Real World

On December 18th, Luna Bell was extubated and put on a c-pap machine to pressurize the air and help her breath easily. It was exciting, but frustrating keeping that little mask on her very tiny face and dealing with all the fluctuations in her breathing rate and O2 saturation…all things that new mom’s and dad’s shouldn’t have to be thinking about with their month old baby.

She started out doing good. Then she was not doing so good and then she was flat out struggling. Her respiratory rate was high as she worked so hard for every breath and her heart rate was also high due to all that work and in turn she wasn’t growing at all. The thing that was key for Luna Bell was that we needed her lungs to grow so that she would have fresh healthy lung tissue to outgrow all the damaged lung tissue from they hydrops. She also had something called pulmonary lymphangiectasia which was also causing extra difficulties with her breathing. https://rarediseases.info.nih.gov/diseases/9900/congenital-pulmonary-lymphangiectasia

One of the signs that Luna Bell was not ready for this extubation was the fact that for hours afterwards she was inconsolable. She cried most likely due to oxygen deprivation and also because even at one month old, she knew what she could and couldn’t do and what she was and wasn’t ready for, and she wasn’t ready for this.
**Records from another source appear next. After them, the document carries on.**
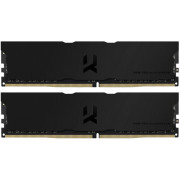 32GB (Kit of 2*16GB) DDR4-3600  GOODRAM  IRDM PRO DDR4 DEEP BLACK  (Dual Channel Kit), PC28800, CL18, Latency 18-22-22, 1.35V, 1024x8, Aluminium BLACK heatsink
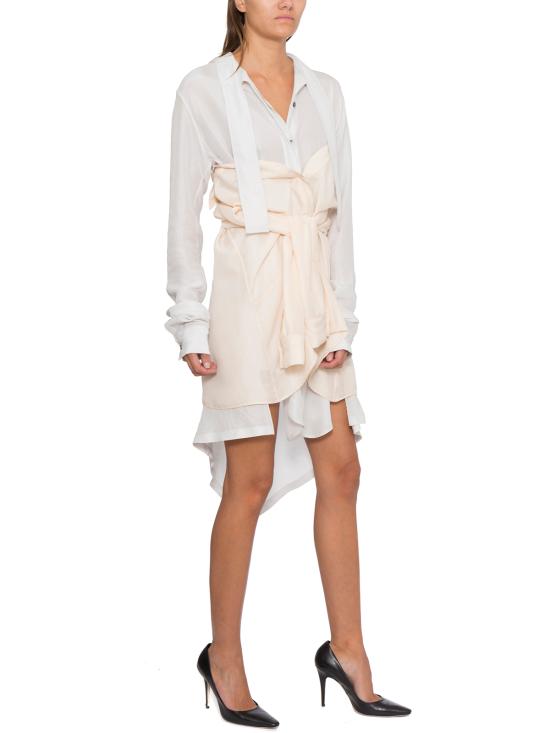  벤 타베르니티 언라벨 미디 원피스 JDB062115001 0400 white pink - BEN TAVERNITI UNRAVEL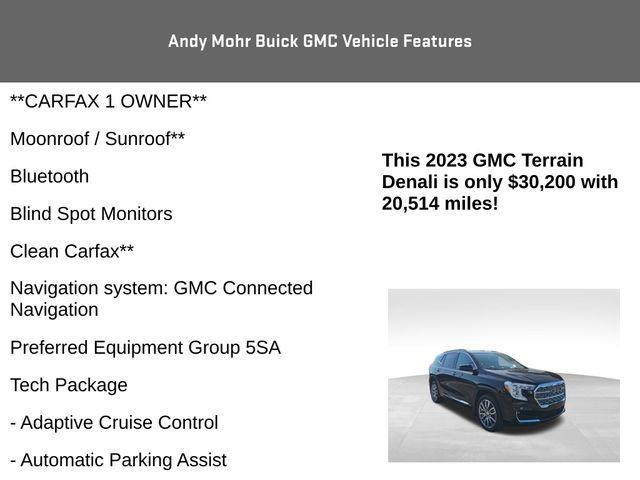 used 2023 GMC Terrain car, priced at $30,200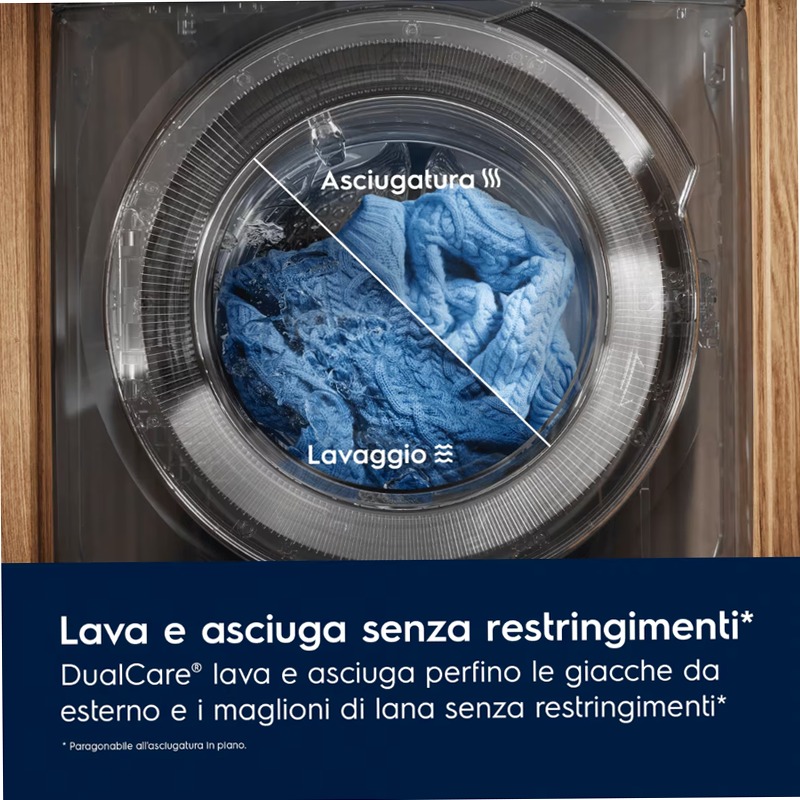 Lavasciuga 700 SteamCare 1400 giri 5kg in asciugatura 8 kg in lavaggio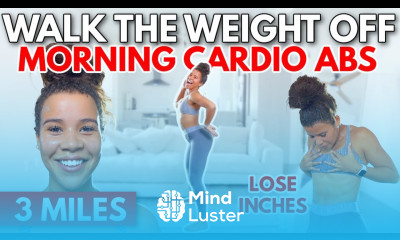 3 Mile Walk Morning Cardio Abs Workout at Home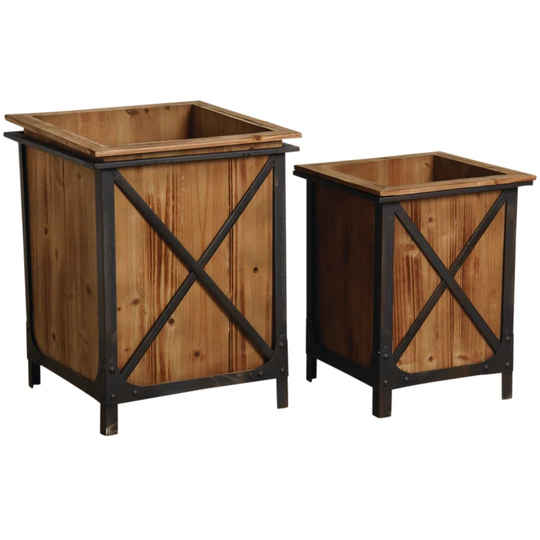 Crewe 2 Piece Planter Box Set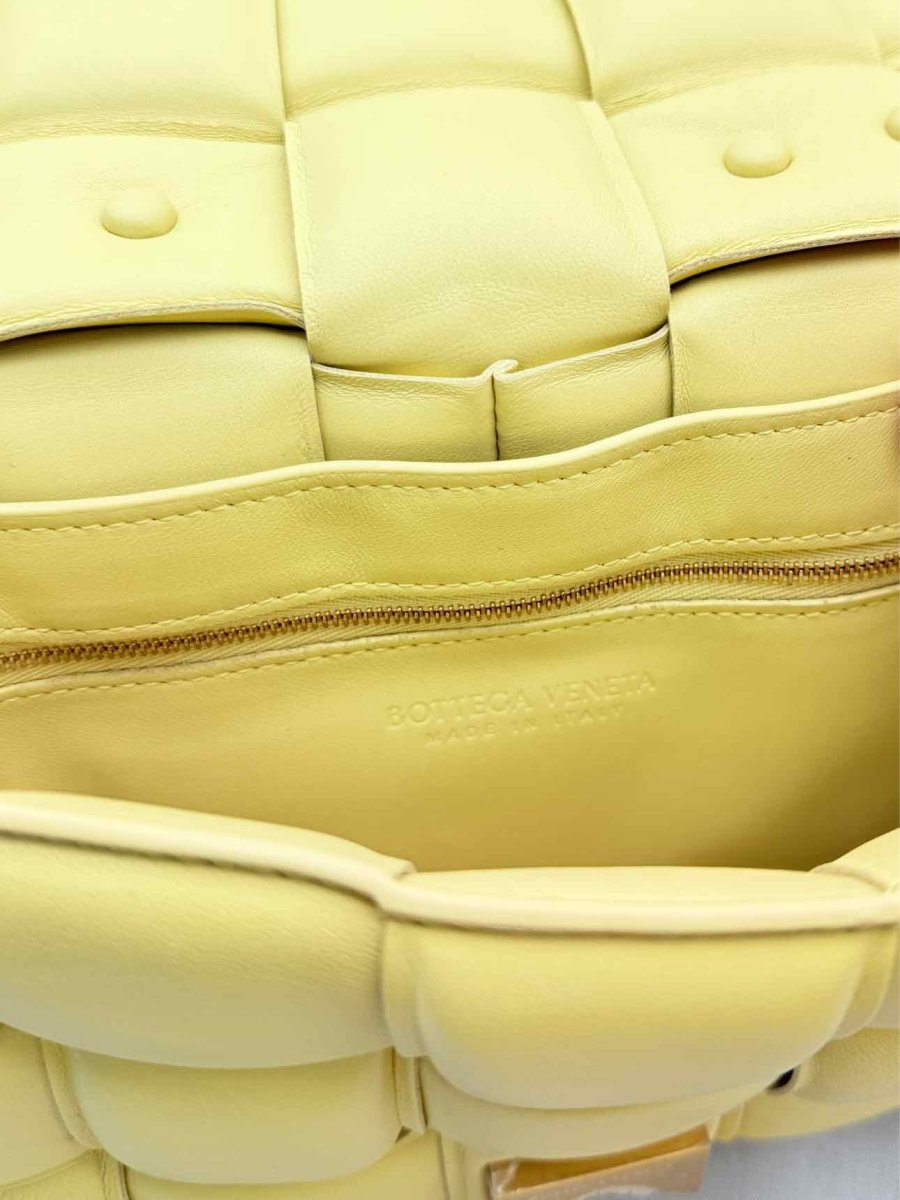 Pre - loved BOTTEGA VENETA Cassette Yellow Shoulder Bag at Reems Closet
Part of being a mom with a child in the NICU is trying to keep a positive attitude and never let your child feel the concern and fear that you are feeling down deep. And that means hiding that from the nurses, doctors and often your partner because you can’t bear to think the worst and right now the worst I could think of was that Luna Bell would have to be reintubated. We got through Christmas and then had a rough night on New Year’s Eve-which was the day I chose to go back to work.

Before I started having problems with my pregnancy, I had about 10 weeks of Paid Time Off (PTO) and Extended Illness Benefit (EIB) hours available to me- and I was going to keep gaining about 8 hours a paycheck up until my delivery date. By the end of the year, I had exhausted about 7 weeks and decided that I better go back to work so that I would have maternity leave available once Luna Bell came home. The first day back to work broke my heart. I just wanted to be with my daughter, but I had to do what I had to do. After a day at work, I headed to Seattle Children’s to finish out a very long day by seeing my daughter one last time in 2018. She was not doing great. Her respiratory rate was high, she wasn’t happy and her primary nurse, Bella didn’t say it to me, but she was worried.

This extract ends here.